のんびりした街ののんびりした店で楽しむ『地獄のジンジャエール』と『偽りのオムライス』

日刊サイゾー

2018/10/10 19:00

■チラ見えしているのは、黒い何か……


 小春日和の秋の某日、外国人にも人気の“谷根千”に、珍級なオムライスがあると聞いて向かうことにした。

JR日暮里駅から谷中墓地の中の路地を歩いていると、向こうから観光客らしき白人カップルが歩いてくるのが見えた。

近づくほどに、金髪の女のコが着ていたTシャツの胸元が、ありえないくらい大きく開いているのがわかった。下着までチラ見えしてしまっているのだが、ひょっとしてこれは、新しいファッションなのだろうか?

日本人にはできない大胆な着こなしに、墓の中のジイさんたちも、さぞやびっくりニヤニヤしているのではなかろうか(笑)。そうほくそ笑みつつ、墓を抜けて路地を抜け、やって来たのは古民家風のカフェだった。

店の前には黒板風の小さな看板がある。

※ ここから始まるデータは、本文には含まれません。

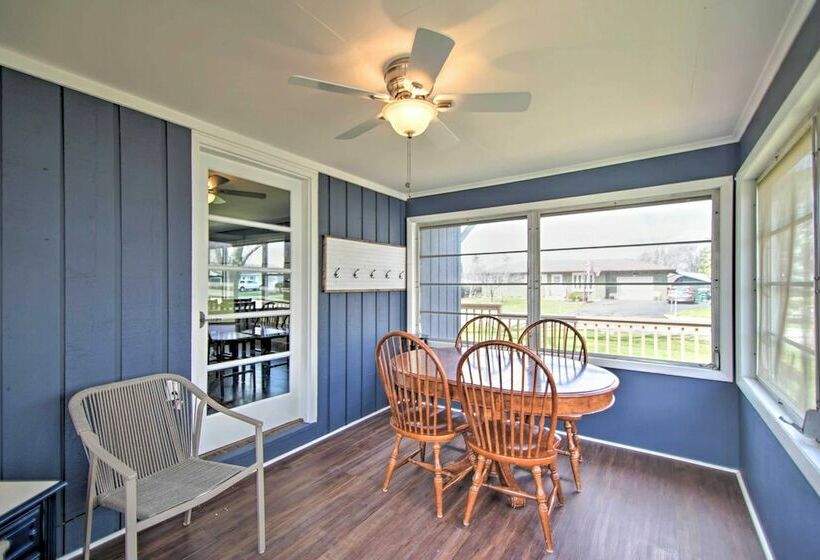 Cottage W/ Sunroom & Fire Pit, Walk To Lake!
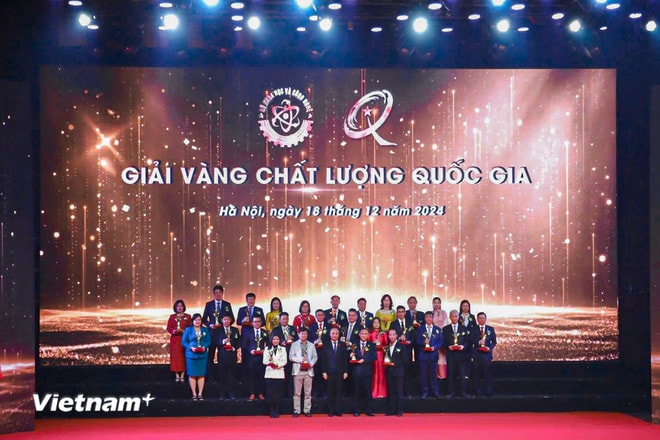 vnp_trao giai chat luong quoc gia 2024 1.jpg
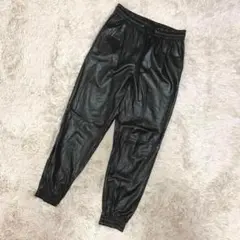 ZARAザラ 【EUR XS】 フェイクレザー ロングパンツ ウエストゴム 黒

のぞき込むと、そこにある人気メニューのトップには、「No.1オムライス(黒)850円」と書かれているのだった。

そう、今日はこれを食べに来たのだ。

黒いオムライスとは、いったいどんな見た目なのか? 卵に竹墨かイカ墨でも入れたのだろうか? それとも海苔で覆った? 興味は尽きない。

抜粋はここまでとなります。